# GOAL OF THE EXERCISE
Where a record holds a picture, leave the picture out; otherwise repeat every record exactly.

*** Opening DATA UNDER STUDY ***

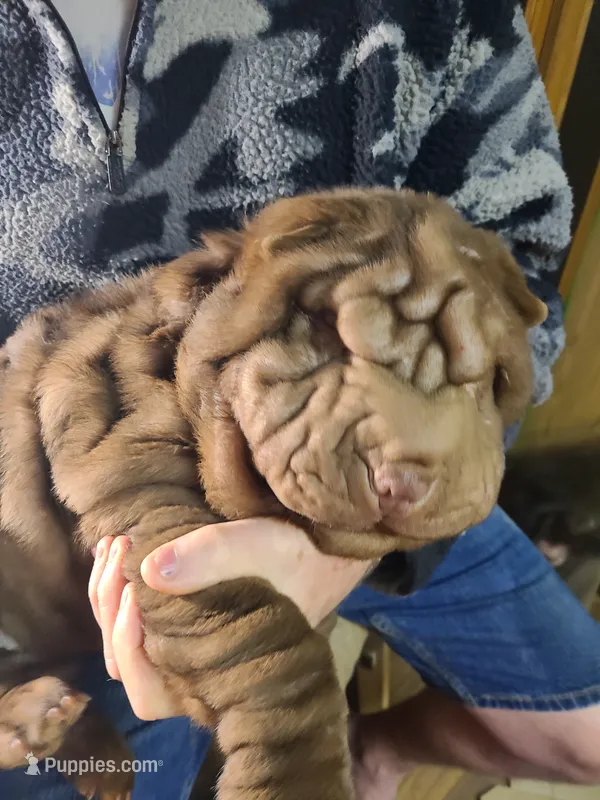 Chocolate wrinke boy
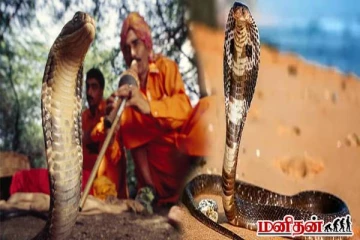 மகுடி இசைக்கு பாம்பு நடனமாடுமா? உண்மை என்ன?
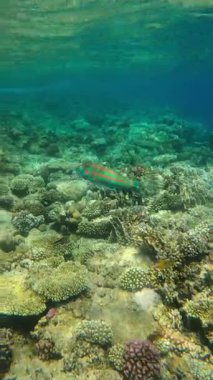 Suyun altında mercan kayalıklarında yüzen renkli balıklar..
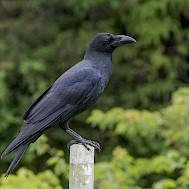 plains-wanderer/Shutterstock.com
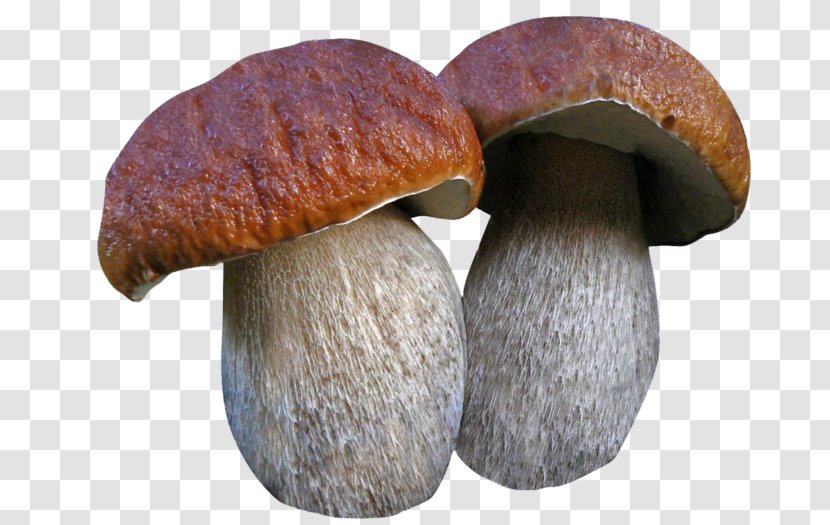 Boletus Edulis Fungus Edible Mushroom Poisonous - Shiitake Transparent PNG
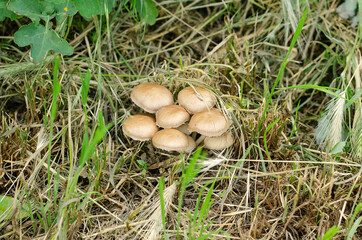 Poisonous mushrooms in the grass close-up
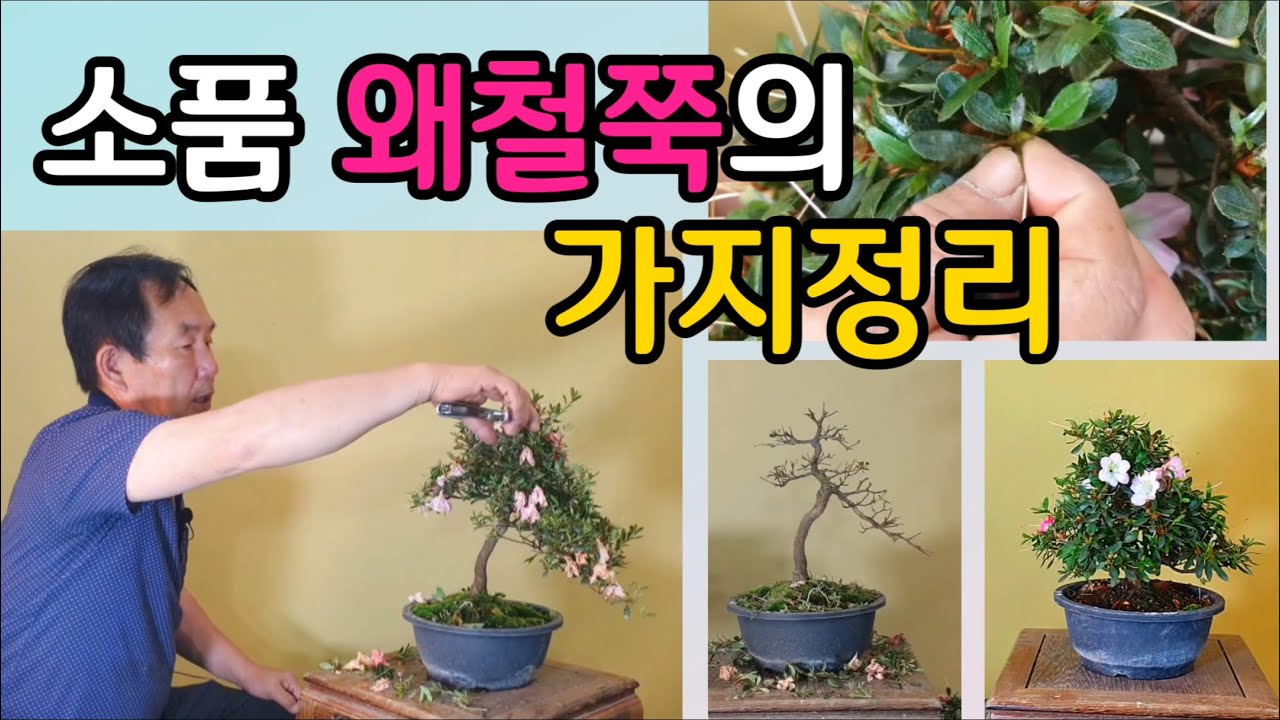 분재관리 111강 소품 왜철쭉의 가지정리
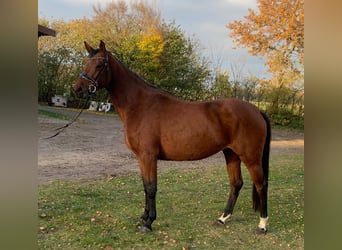 Westfaliano, Giumenta, 4 Anni, 164 cm, Baio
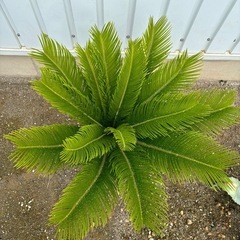蘇鉄売りますの画像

*** Closing DATA UNDER STUDY ***

# TASK ANSWER
 Chocolate wrinke boy
 மகுடி இசைக்கு பாம்பு நடனமாடுமா? உண்மை என்ன?
 Suyun altında mercan kayalıklarında yüzen renkli balıklar..
 plains-wanderer/Shutterstock.com
 Boletus Edulis Fungus Edible Mushroom Poisonous - Shiitake Transparent PNG
 Poisonous mushrooms in the grass close-up
 분재관리 111강 소품 왜철쭉의 가지정리
 Westfaliano, Giumenta, 4 Anni, 164 cm, Baio
蘇鉄売りますの画像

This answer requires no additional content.